A recent April 2014 Post/ABC News poll included 1,000 adults and quoted its margin of error as 3.5%. To statisticians, this is intended to mean that about 95% of all the additional surveys you take with this many people will yield answers within 3.5% of the ones you found for each question in your first survey. For proton mass measurements, the margin of error is also called a '2-sigma' uncertainty.
Area shaded yellow represents the results of many additional 1000-person surveys. Responses to the same question, say 50%, will range from 46.5% to 53.5% in 95 out of 100 surveys ( i.e. 50% +/- 3.5% margin of error)
Based on their sample of 1,000 people randomly selected from among 300 million in the USA, the Post-ABC poll found in March that 49% of Americans saying they supported the Affordable Care Act but in April this had changed to 44% favoring the ACA. This was interpreted to mean that Democrats will face a serious obstacle next November because of the Affordable Care Act.
But do the two surveys really support this provocative assertion?
The difference between the March and April surveys is 49% - 44% = 5%. This is only a tad bigger than the margin of error of 3.5% which means that 95% of the time you should see a March-April difference less than 3.5%. But a difference larger than 3.5% (i.e our 5%) happens randomly in about one survey in every 20 taken (Green area shown in the figure). The choice of making a big deal out of the difference between 44% and 49% is easy if you are talking about protons, but very murky if you are talking about people in a 1,000 member survey depending on what odds you are comfortable with.
Who is being polled to make up the classical '1,000' people in many of these popular surveys? The polls are usually conducted by land-line phone, but 35% of Americans no longer have land-lines. Many people do not participate in Polls for privacy reasons. Even the way the question is asked biases the results! Those that do respond to polls are by some accounts Pew Research states that it pays people to participate in their polls, "We do provide a small monetary incentive to panelists for each survey they complete... Without an incentive, our sample would likely be more tilted toward the educated and affluent." This amounts to cherry-picking a population to get a subset that YOU think is a random sample. Are the opinions of this paid-for population really similar to the beliefs of a random sample, or does money add a subtle bias to defining this population and how they will respond to some questions?

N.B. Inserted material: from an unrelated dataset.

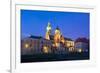 Wawel Castle in Krakow, Poland-dziewul-Framed Photographic Print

With samples as small as 1,000 people you have fewer than one person per geographic/political/interest group to represent thousands of others that were not included. Many groups fall through the cracks of the selection process, not because they were a numerically small population, but because they were eliminated by the way survey members were selected.
So, in all surveys with about 1000 people or so, please do not try to overanalyze the results if the differences are small compared to the margin of error. Percentages on any question that range from 45% to 55% are all within a 50/50 flip of the coin so far as statistics are concerned. This actually implies an ambivalent citizenry from which no consensus on political issues should ever be sought, not necessarily an actual 10% difference between their opinions.
Bottom line: People are not protons so don't sample their 'opinions' as though they were!